== Segment start ==
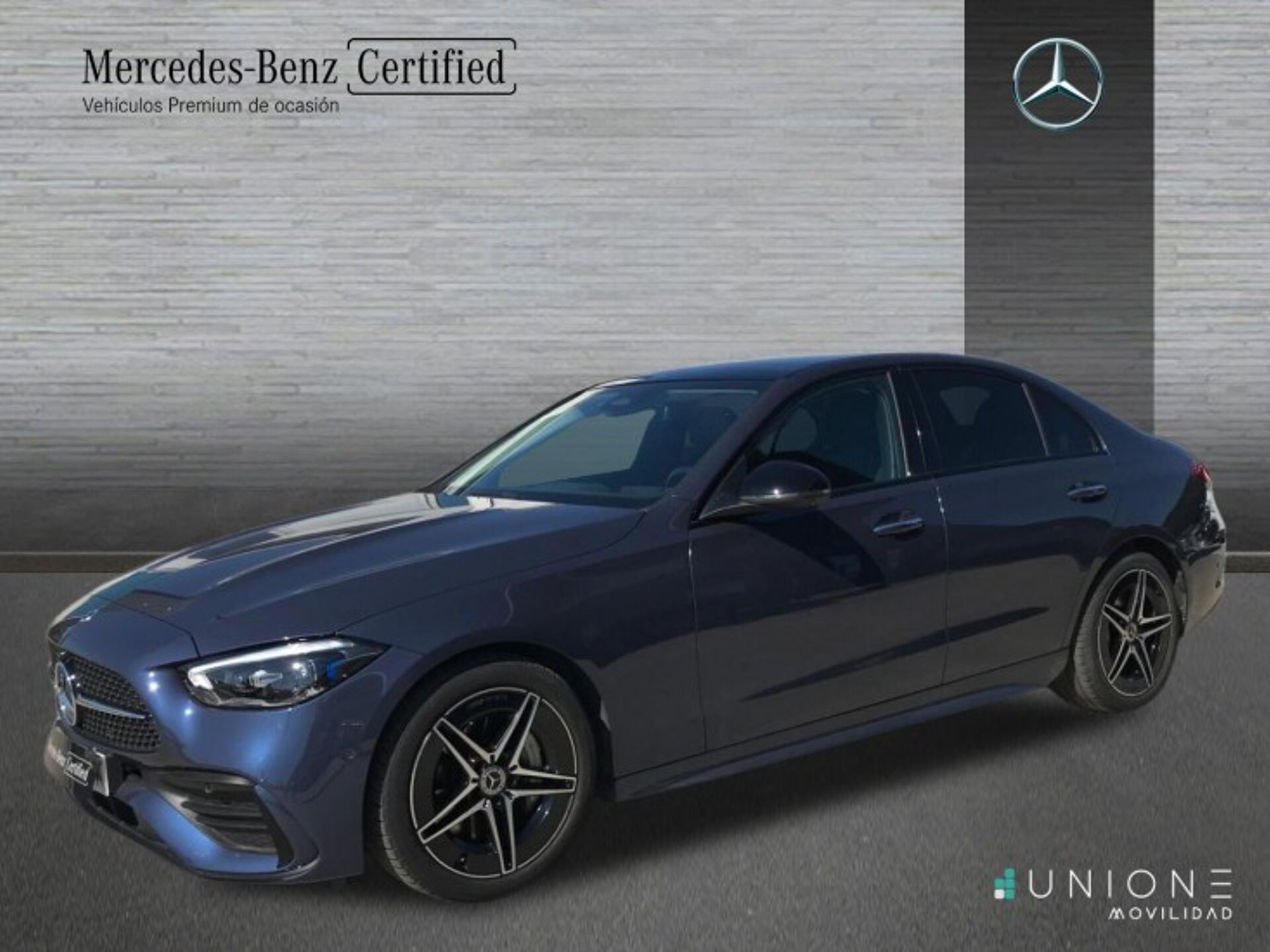 Imagen de MERCEDES Clase C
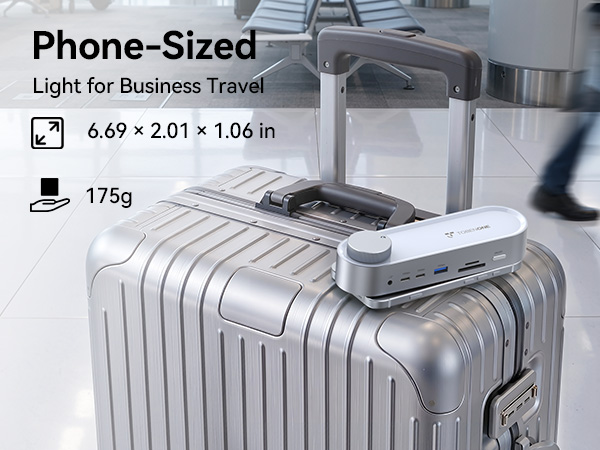 docking station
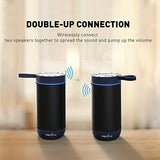 COMISO Waterproof Bluetooth Playtime Radiators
== Segment end ==
REQUIREMENT:
Your answer must be the full listing, copied exactly, with no pictures in it.

TASK SOLUTION:
 Imagen de MERCEDES Clase C
 docking station
 COMISO Waterproof Bluetooth Playtime Radiators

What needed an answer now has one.